══ GIVEN INFORMATION ══
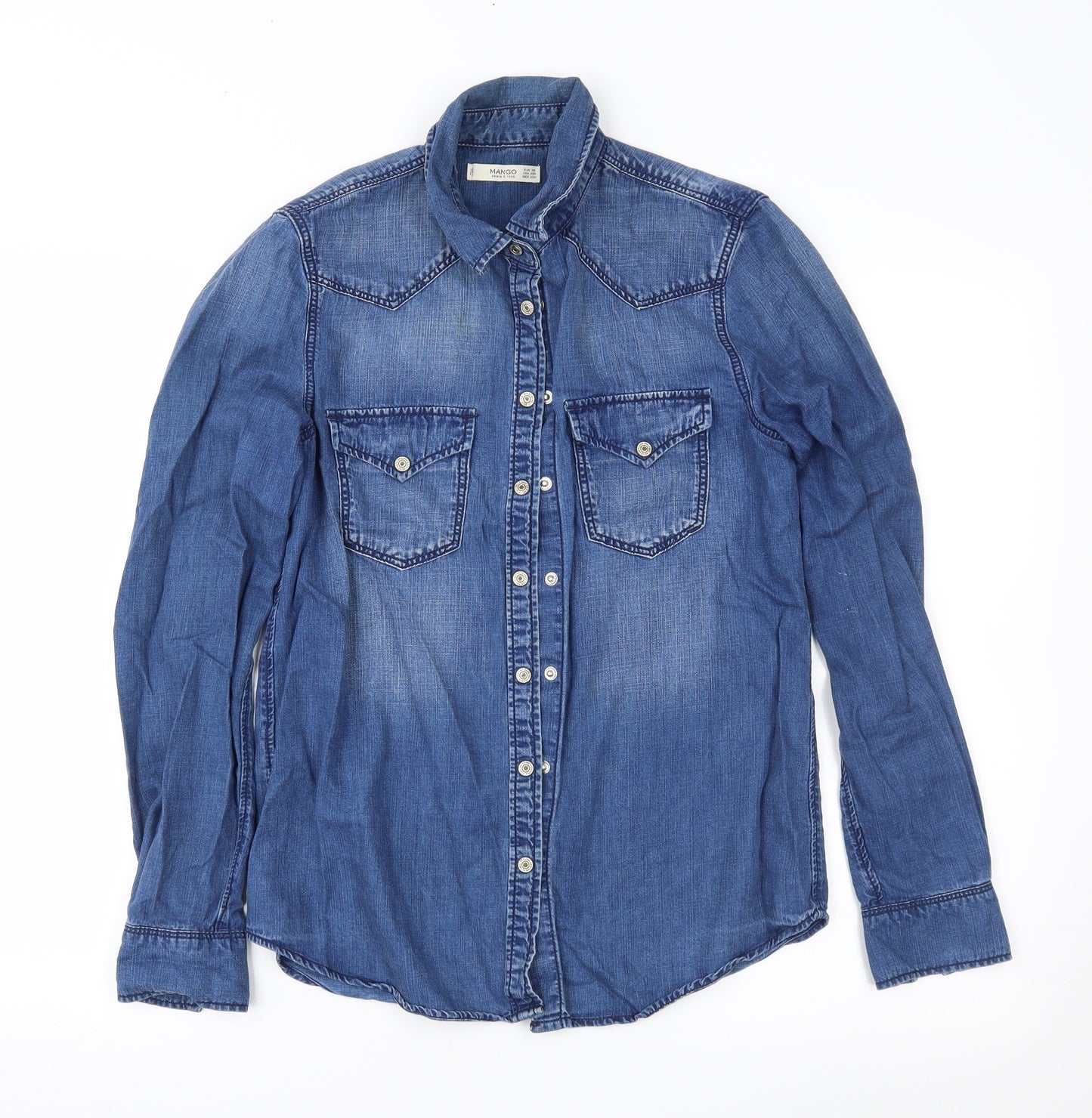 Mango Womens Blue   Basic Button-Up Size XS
═══
══ GIVEN INFORMATION ══
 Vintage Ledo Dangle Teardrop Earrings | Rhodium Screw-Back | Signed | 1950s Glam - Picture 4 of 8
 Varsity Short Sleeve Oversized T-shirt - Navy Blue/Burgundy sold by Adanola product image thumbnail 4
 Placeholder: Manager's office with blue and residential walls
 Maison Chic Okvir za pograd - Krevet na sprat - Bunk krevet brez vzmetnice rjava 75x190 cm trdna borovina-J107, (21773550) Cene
═══
All lines above from the one holding "Placeholder: Manager's office" to the one holding "Maison Chic Okvir", inclusive, are to be copied exactly; no other line is wanted.

- [COMPLETED TASK]
 Placeholder: Manager's office with blue and residential walls
 Maison Chic Okvir za pograd - Krevet na sprat - Bunk krevet brez vzmetnice rjava 75x190 cm trdna borovina-J107, (21773550) Cene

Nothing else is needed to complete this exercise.